● Task data:
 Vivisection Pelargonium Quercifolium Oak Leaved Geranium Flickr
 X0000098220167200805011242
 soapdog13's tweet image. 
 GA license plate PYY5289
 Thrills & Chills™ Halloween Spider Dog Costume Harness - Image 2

==

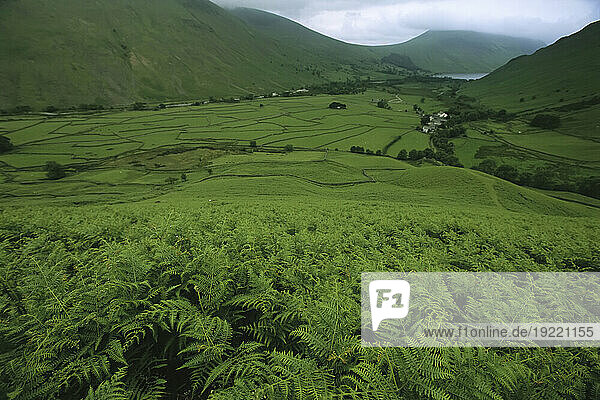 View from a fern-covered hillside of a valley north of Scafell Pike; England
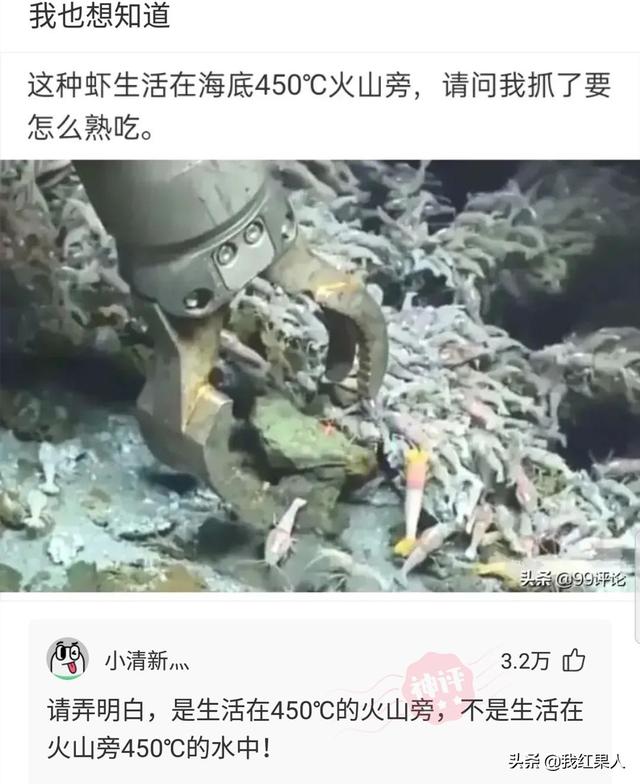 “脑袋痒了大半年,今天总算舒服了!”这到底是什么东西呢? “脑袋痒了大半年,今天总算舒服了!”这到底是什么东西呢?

...

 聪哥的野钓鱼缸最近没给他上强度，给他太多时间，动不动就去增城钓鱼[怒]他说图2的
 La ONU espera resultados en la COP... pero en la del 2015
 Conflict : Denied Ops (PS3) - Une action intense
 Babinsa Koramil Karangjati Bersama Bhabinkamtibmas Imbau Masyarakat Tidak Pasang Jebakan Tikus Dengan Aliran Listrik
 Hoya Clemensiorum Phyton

● Work to complete:
Look in the material above for the line with "GA license plate PYY5289" and the line with "Thrills & Chills™", and transcribe exactly those lines and all lines between them, nothing more.

● Solution for this task:
 GA license plate PYY5289
 Thrills & Chills™ Halloween Spider Dog Costume Harness - Image 2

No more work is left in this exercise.